[INFORMATION PROVIDED]
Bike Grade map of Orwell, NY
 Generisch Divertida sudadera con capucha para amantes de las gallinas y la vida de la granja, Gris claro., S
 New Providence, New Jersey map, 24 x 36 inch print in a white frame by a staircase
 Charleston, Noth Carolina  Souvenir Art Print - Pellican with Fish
[/INFORMATION PROVIDED]
### TASK BRIEF
Return the whole listing exactly, with every line included.

### RESULT OF THE TASK
Bike Grade map of Orwell, NY
 Generisch Divertida sudadera con capucha para amantes de las gallinas y la vida de la granja, Gris claro., S
 New Providence, New Jersey map, 24 x 36 inch print in a white frame by a staircase
 Charleston, Noth Carolina  Souvenir Art Print - Pellican with Fish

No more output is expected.